Unable to play, Gallivan used his resources as a reporter at WGRZ-TV to help spread the word of the 11 Day Power Play.
But his desire to help ran deeper than just wanting to give the 11 Day Power Play exposure.
“The main thing was my friendship for a lot of the guys who were taking part. Particularly Mike and Amy,” Gallivan said. “I watched as Mike went through with (the loss of) his mom (Evelyn). I lost my mom and my dad to cancer, and both my mother and father-in-law. I’ve got one sister-in-law who beat it.”
Gallivan said he really wasn’t sure what to think when Mike Lesakowski first told him his idea for 11Day. But soon he found himself swept up by what the Lesakowski’s created and their passion to see their 11 Day mission through.
“I think everyone thought he was crazy to start with,” Gallivan said. “As it started picking up momentum I wanted to do what I could to help them, but also I was looking around and thinking why aren’t more people in the media jumping on this story?”
Gallivan also spoke with great passion about the bond within the WNY hockey community. That sense of always being there for each other.
“To be honest with you I felt a little bit guilty that I wasn’t able to be on the ice with them,” Gallivan said of the first game.

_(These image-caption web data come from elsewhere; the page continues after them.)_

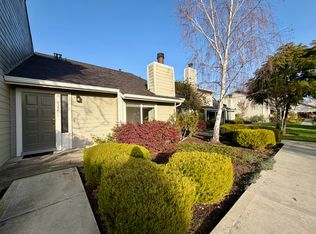 822 Peary Ln, Foster City, CA 94404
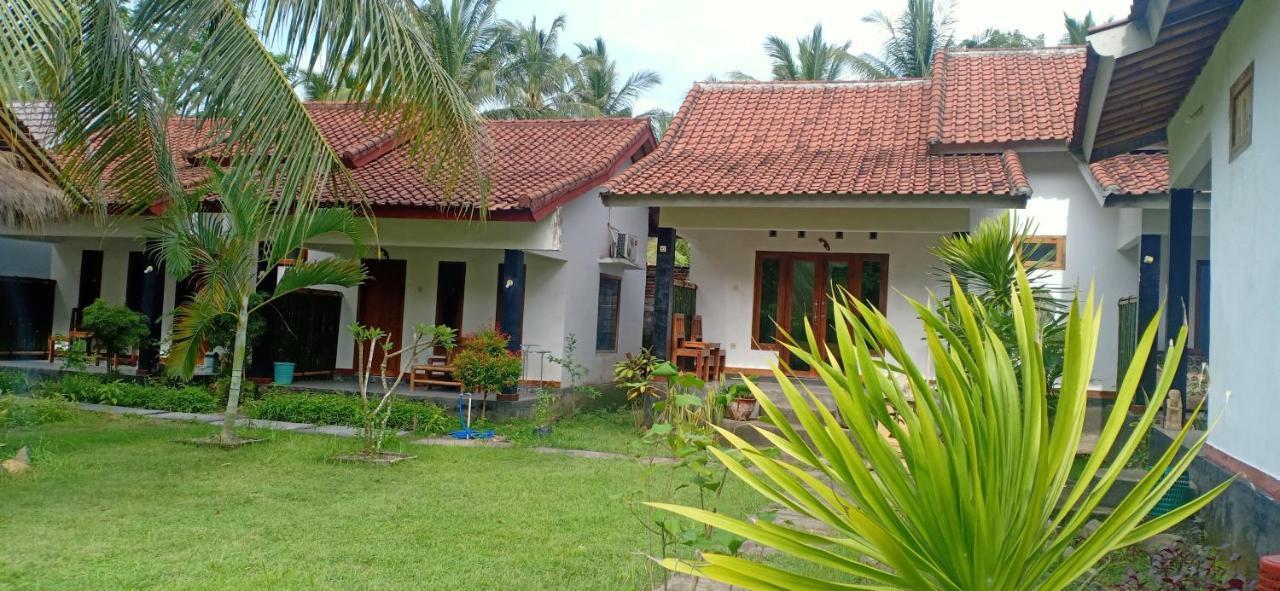 Kuta  Dewi Garden Guesthouse מראה חיצוני תמונה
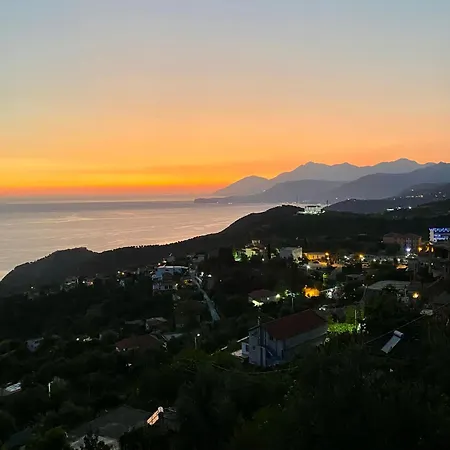 Erika's House 아파트 *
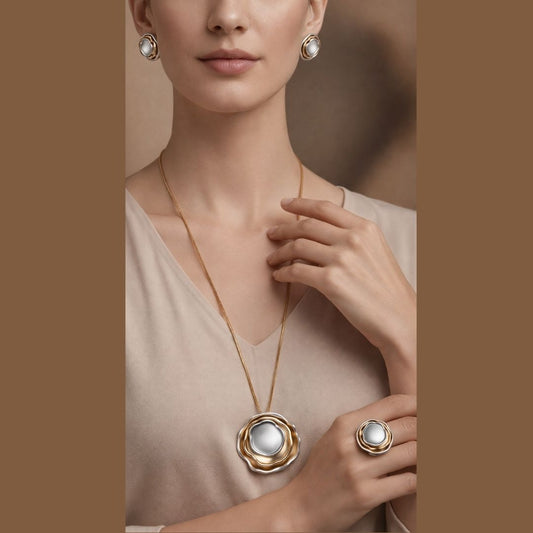 Conjunto ARO 18 Acetinado Brinco, colar e anel nos dois banhos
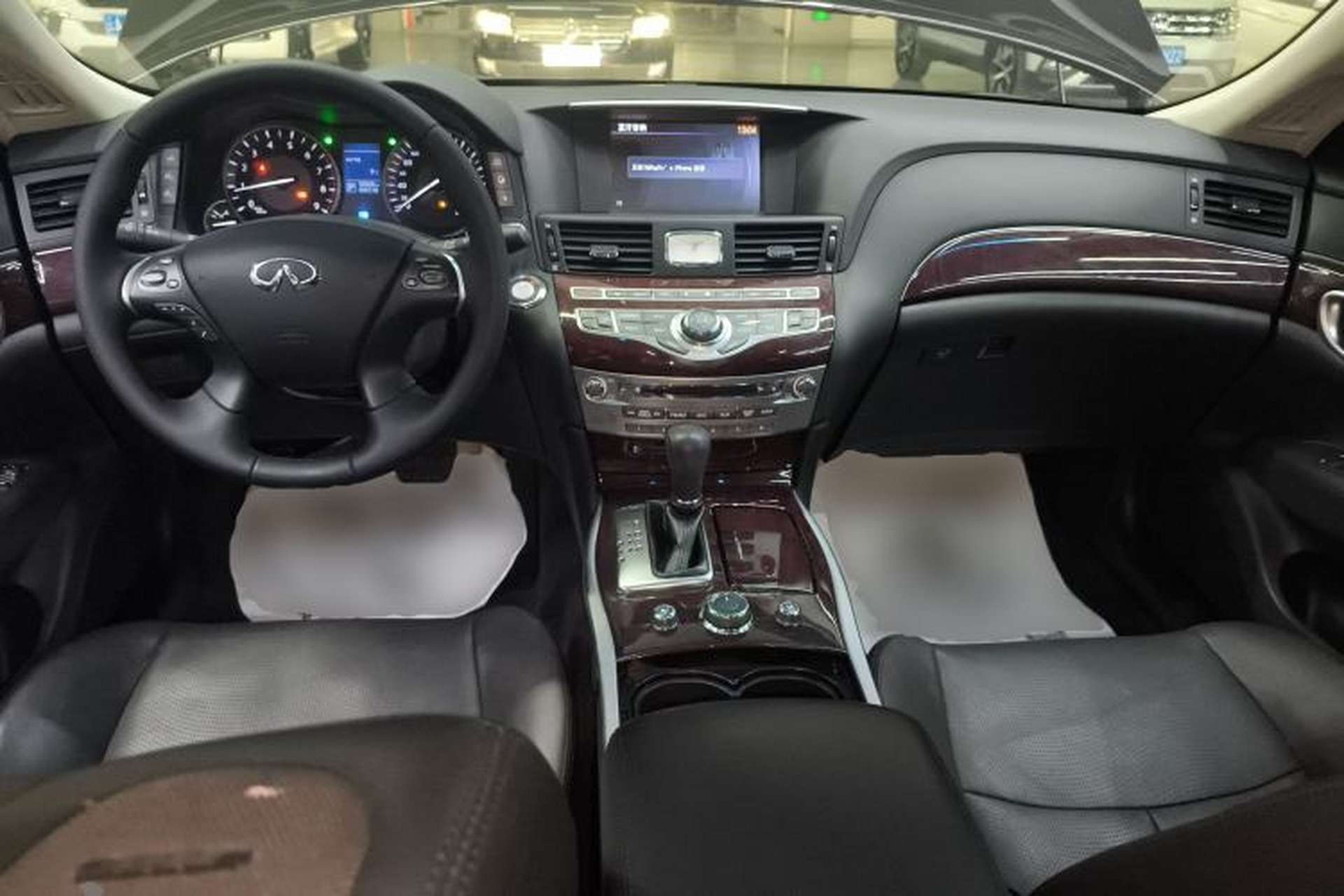 Used Infiniti Q70 2019 Q70L 2.0T Enjoyment Edition PLUS Center Console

“In particular my next-door neighbor Dan McGee. He played and he and I were linemates in college. I’ve known Dan the better part of 35 years. It’s one of those things where the friendships you develop through things like hockey are extremely deep connections. And you do anything you can for each other.”
Gallivan will be on the ice this year with Hannah and his son, Ben Gallivan, as part of the Tonawanda Lightning Alumni team.
Hage agreed, saying part of getting back on the ice is just re-connecting with the guys as friends.
“You realize you just miss the whole atmosphere,” Hage said. “I think that’s the biggest part and that’s the take away for everything. It’s just about community. Supporting each other and it feels good and you’re doing it for a good cause. I think that’s what’s pulling me back this year. I missed out on so much of that last year. I just want a little bit of a taste of it again this year. ”
Tyler Crawford, who works at the HarborCenter, had a front row view of the 11Day Power Play last summer. This time around Tyler and his younger brother Justin will be joining forces with their dad, Gary Crawford, a cancer survivor-as they suit up for the Lightning Alumni.
“You had this sense of pride that our community was doing this last year,” Crawford said. “The 40 guys who played last year set a world’s record, but now you have even more sense of pride cause you’re able to contribute in your way and kinda leave your mark on this fundraiser to raise money for Roswell, Camp Good Days and Make-A-Wish. You kinda see the direct results of what you’re doing.”